Ok, I have increased the router speed from 8,000 RPM to 24,000 RPM. The wood still burns, unfortunately. I am able to cut much faster though. This is a brand new bit that I just bought from MLCS, so I can't believe it is dull. I am guessing that the problem might be that I am trying to cut through too much wood. Realize that the piece I am trying to make is 1 1/2" thick. This seems to be much thicker than any examples I have seen.

My next attempt will be to cut much closer to the pattern line on the band saw first. Also I will make the pattern out of some plywood instead of using the pine prototype. I will have to create a zero clearance throat plate for my band saw, since I will want to go slow and take off small amounts of wood in each pass, and I do not want the wood to fall into the machine.

Further, I do not have a router starting/safety guide pin. I understand now the usefulness of this, and will attempt to fashion one.


----------



## CharlieM1958 (Nov 7, 2006)

Is the burning consistent, or just in spots?

Burning is usually caused by too slow of a feed rate.

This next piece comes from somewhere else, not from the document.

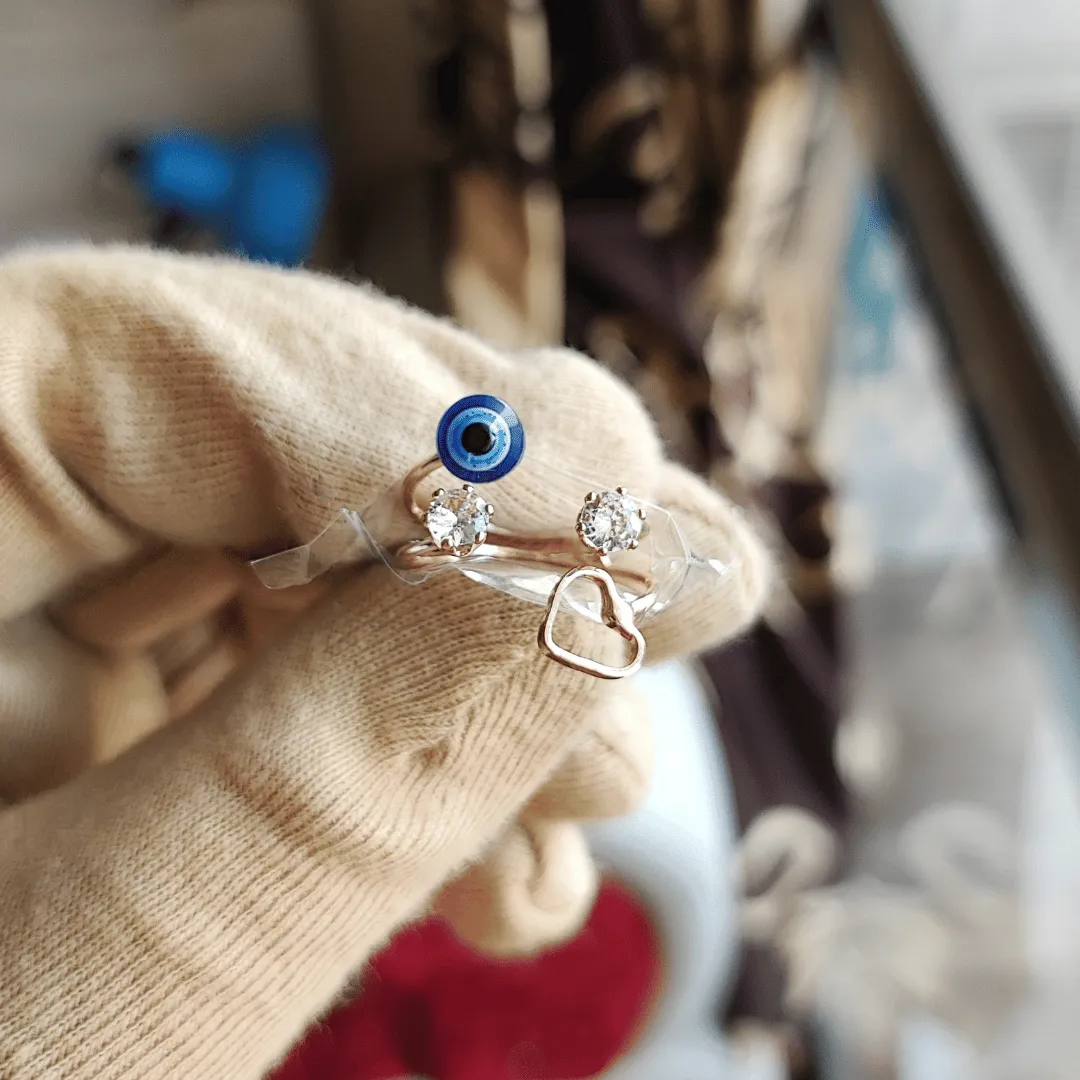 Jewelestia Mystic Evil Eye Gold Color Ring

If you are just getting marks at certain points, those are probably the points where you are stopping or slowing the feed of material to adjust your grip, etc.

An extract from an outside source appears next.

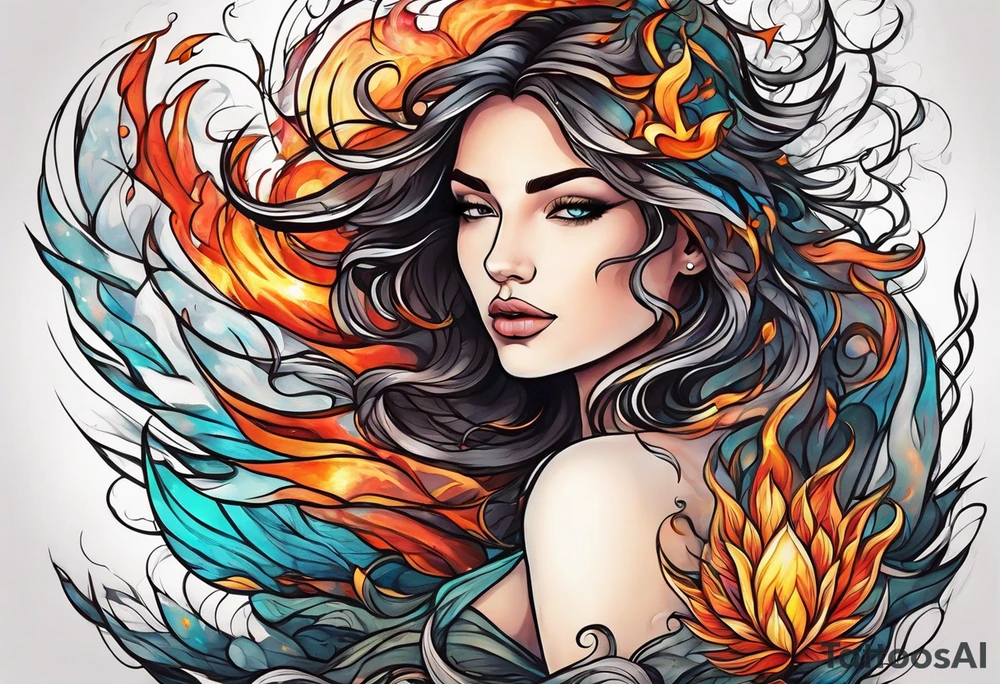 Resurrection strength and courage Beautiful Woman walking through fire and chaos to inner peace and self-love  ethereal tattoo idea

It can be very tricky to maintain a constant feed rate, but leaving the bit in one place will almost always leave a burn mark.


----------



## Renfield (Jun 13, 2009)

I was burning most of the cut, not just spots. I have done some more work and I believe the problem was that I was just trying to remove too much wood. 1 1/2" by 1/8" to 3/16" is too much to be able to go fast enough to not burn the wood.

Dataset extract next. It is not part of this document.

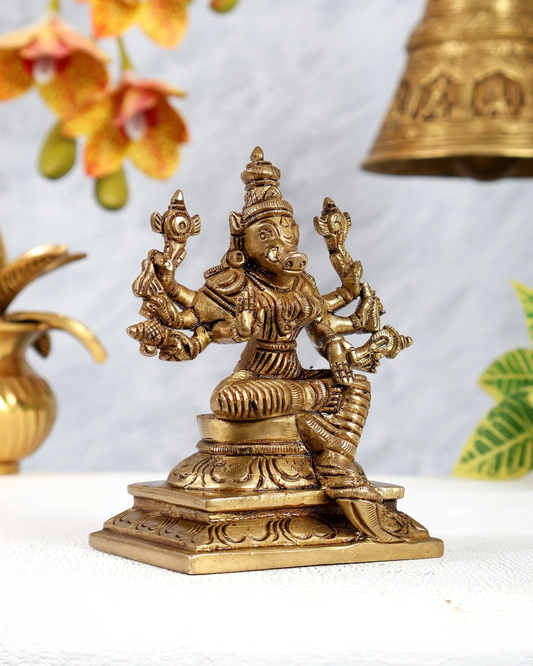Brassaura® Brass Goddess Varahi Amman Statue | Height 4.5 Inches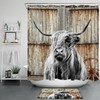 Old Barn Door And Highland Cow Printed Shower Curtain For Farmhouse Bathroom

For my second attempt, I first created a plywood template. I smoothed out some of the small bumps in the shape. I did not realize how easy it is for the flush cutter to copy every little bump. Next, I traced the template onto my work piece. I cut out the piece on the band saw (which now has a zero clearance throat plate), and made some additional small cuts to get close to the line. I tried to get close to 1/16" of material left to route.

On the router, I made sure that I was feeding the piece through faster than before. I was able to do this because there was less wood to remove. I still ended up with some burn marks, but they are much less than before.

I also found out that carpet tape does not keep the template attached to the work piece very well. The two pieces would slowly slide around and that is not good. I also bought some exterior grade double-sided tape, and this stuff appears to be doing the job I need.


----------



## Renfield (Jun 13, 2009)

MLCS does have some information about the recommended maximum RPMs for a given bit size in their FAQ.

http://www.mlcswoodworking.com/shopsitesc/store/html/smarthtml/pages/techfaq.htm#rpmanchor

An interesting additional piece of information listed there is that if the carbide height is greater than 1 1/2" then you should run the bit no faster than 16,000 RPM. This is the first mention I have seen of speed restrictions due to height, as all other recommendations key off of bit diameter.


----------



## CharlieM1958 (Nov 7, 2006)

In all the explanation, I still managed to miss the fact that you were flush-trimming material 1 1/2" thick. I can see where that would provide some interesting challenges because that's definitely a lot of stock removal, even if you do precut pretty close to the template.


----------



## Renfield (Jun 13, 2009)

I thought that for this application a spiral cut flush trim bit might be a better choice. It seems to me that this action might be smoother. Instead of three cutter heads going *wham*, *wham*, *wham*, as they carve into the wood, a spiral bit would present a continuous cutting action up and down the edge of the wood.

Unfortunately, MLCS does not have a spiral flush trim bit with at least a 1 1/2" cutting height.


----------



## NorthGaMan (Mar 12, 2009)

Best bet is to do most of your work with a saw, then do the finish work with the pattern attached and your router set at top speed. Also watch your feed rate, try to stay the same all the way threw the router operation.


----------